Mobil mewah itu masuk ke pekarangan rumah mewah Daniel. Tristan masih diam di tempatnya, sedangkan Kimy sudah melepas seatbealt nya bersiap turun. Kimy memegang gagang pintu mobil itu tapi dia tak melihat ada pergerakan dari Tristan. Kimy pun menoleh pada kekasihnya itu "Kamu tidak turun?.."
"Turunlah, aku masih ada urusan.." Jawabnya tanpa melihat ke arah Kimy.
Melihat itu Kimy tak jadi turun, dia memutar tubuhnya menghadap kekasihnya itu "Kamu marah, maaf aku tidak bermaksud.."
"Tidak. Masuklah sudah malam, nanti kamu masuk angin.." Jawabnya masih tanpa menatap kimy.
"Tristan aku mohon jangan begini, aku tahu kamu marah. Bicaralah, tapi jangan mendiamkanku.."
"Aku bilang masuk.."
"Tristan!!.."
"Masuk Kimy, kenapa susah sekali untukmu sekali saja nurut padaku.."
"Kenapa aku harus nurut, aku bukan boneka.
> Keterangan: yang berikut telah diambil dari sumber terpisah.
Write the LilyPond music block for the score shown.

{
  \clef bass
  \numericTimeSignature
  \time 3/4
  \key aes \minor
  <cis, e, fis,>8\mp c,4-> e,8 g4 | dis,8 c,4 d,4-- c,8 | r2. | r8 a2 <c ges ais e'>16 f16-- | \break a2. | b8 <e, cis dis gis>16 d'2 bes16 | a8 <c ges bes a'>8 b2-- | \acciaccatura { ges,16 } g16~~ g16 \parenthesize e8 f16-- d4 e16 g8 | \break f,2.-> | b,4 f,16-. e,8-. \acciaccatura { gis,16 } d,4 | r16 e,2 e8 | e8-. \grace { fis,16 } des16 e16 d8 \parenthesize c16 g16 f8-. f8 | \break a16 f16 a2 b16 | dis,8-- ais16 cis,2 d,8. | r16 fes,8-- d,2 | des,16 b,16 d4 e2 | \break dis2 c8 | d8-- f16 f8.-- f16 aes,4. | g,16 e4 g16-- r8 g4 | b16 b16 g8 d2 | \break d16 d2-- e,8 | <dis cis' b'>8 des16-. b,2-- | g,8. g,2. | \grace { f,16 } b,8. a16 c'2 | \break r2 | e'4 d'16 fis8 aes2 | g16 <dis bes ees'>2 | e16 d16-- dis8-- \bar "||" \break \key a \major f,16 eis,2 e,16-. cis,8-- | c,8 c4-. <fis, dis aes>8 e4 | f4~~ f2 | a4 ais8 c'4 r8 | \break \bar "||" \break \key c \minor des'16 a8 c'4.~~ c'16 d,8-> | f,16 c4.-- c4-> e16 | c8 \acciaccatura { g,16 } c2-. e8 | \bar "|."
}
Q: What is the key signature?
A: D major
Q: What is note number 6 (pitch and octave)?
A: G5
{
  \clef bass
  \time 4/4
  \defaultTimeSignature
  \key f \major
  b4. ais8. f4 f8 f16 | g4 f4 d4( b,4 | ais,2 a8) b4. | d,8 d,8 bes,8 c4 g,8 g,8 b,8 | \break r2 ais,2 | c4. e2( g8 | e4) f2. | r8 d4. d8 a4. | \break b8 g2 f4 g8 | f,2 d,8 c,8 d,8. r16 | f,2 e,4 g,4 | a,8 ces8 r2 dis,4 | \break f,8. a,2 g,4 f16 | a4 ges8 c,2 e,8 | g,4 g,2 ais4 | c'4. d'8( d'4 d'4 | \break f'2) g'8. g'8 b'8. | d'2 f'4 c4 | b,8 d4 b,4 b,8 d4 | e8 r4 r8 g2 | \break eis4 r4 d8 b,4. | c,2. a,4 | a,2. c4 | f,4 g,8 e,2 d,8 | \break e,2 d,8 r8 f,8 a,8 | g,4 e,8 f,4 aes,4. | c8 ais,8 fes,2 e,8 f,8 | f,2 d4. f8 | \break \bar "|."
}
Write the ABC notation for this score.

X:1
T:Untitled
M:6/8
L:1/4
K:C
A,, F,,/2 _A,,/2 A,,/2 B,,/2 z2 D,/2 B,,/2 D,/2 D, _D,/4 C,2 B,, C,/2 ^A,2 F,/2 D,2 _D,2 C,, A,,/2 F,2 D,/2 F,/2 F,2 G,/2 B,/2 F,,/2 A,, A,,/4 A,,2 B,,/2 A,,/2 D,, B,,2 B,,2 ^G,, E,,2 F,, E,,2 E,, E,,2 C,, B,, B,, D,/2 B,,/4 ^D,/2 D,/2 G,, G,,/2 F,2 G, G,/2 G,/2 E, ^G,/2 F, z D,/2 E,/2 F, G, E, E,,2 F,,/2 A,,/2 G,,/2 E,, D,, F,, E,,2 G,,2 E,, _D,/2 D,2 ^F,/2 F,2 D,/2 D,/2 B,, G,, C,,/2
Kenapa tidak kamu yang mendengarkan aku. Kenapa aku harus selalu mengikuti katamu.." Kimy berteriak seperti orang kesetanan. Tristan menoleh pada Kimy yang bicara dengan menggebu - gebu dengan amarahnya. Sekali lagi Tristan mengetatkan rahangnya.
" Terserah kamu!!!!.." bentak Kimy kasar dan langsung keluar dari mobil dan membanting pintu iku kasar.
Tristan melihat punggung Kimy yang berjalan memasuki rumah. Mata Tristan memerah, tidak, dia tidak menangis hanya karena pertengkaran sepele itu. Yang membuatnya sakit adalah Tristan jadi tahu kalau wanitanya itu tidak mencintainya sebesar apa yang di pikirkannya. Wanitanya itu tidak pernah menganggapnya, tidak menghargainya. Tristan masih kalah, walaupun raga Kimy bersamanya tapi hati wanita itu belum bisa menerima seutuhnya. Salahkan kalau sekarang justru Tristan yang kalah, dia mencintai Kimy melebihi nyawanya sendiri.